Stored data.
───
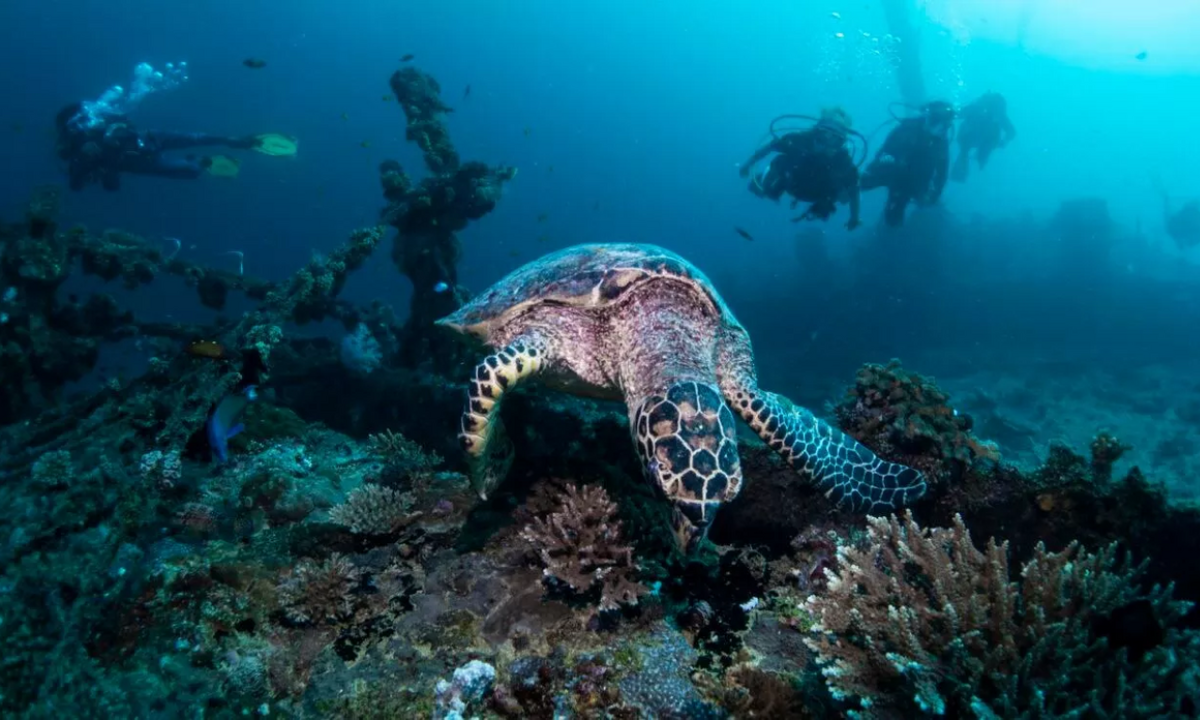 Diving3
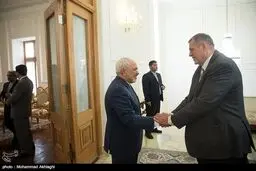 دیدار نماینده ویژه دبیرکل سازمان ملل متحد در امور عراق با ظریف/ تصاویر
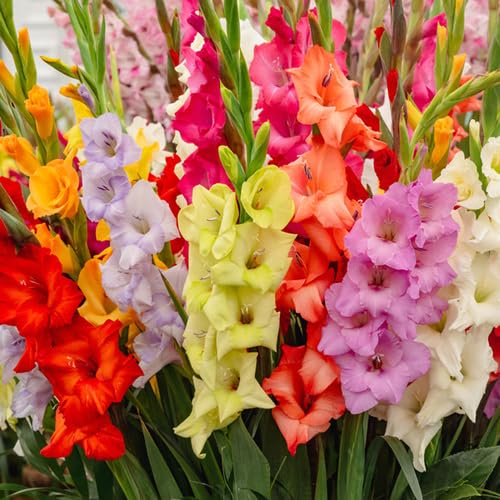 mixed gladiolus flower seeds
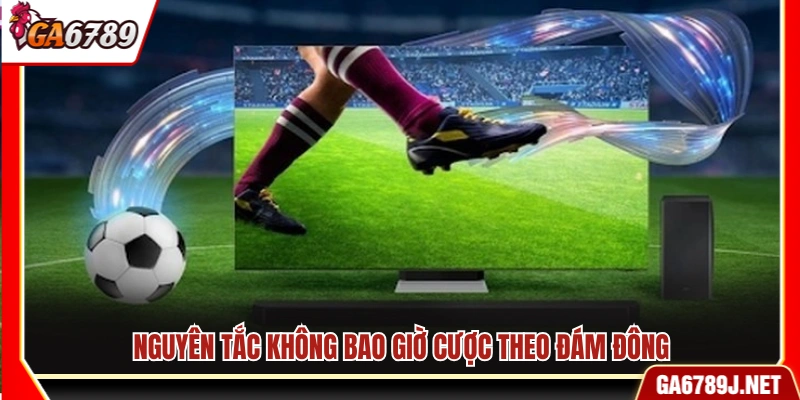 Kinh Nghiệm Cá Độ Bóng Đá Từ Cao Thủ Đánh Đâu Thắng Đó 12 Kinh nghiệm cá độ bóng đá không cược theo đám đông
───
Your assignment. Exclude the pictures, and transcribe all of the material exactly.

Exercise output.
 Diving3
 دیدار نماینده ویژه دبیرکل سازمان ملل متحد در امور عراق با ظریف/ تصاویر
 mixed gladiolus flower seeds
 Kinh Nghiệm Cá Độ Bóng Đá Từ Cao Thủ Đánh Đâu Thắng Đó 12 Kinh nghiệm cá độ bóng đá không cược theo đám đông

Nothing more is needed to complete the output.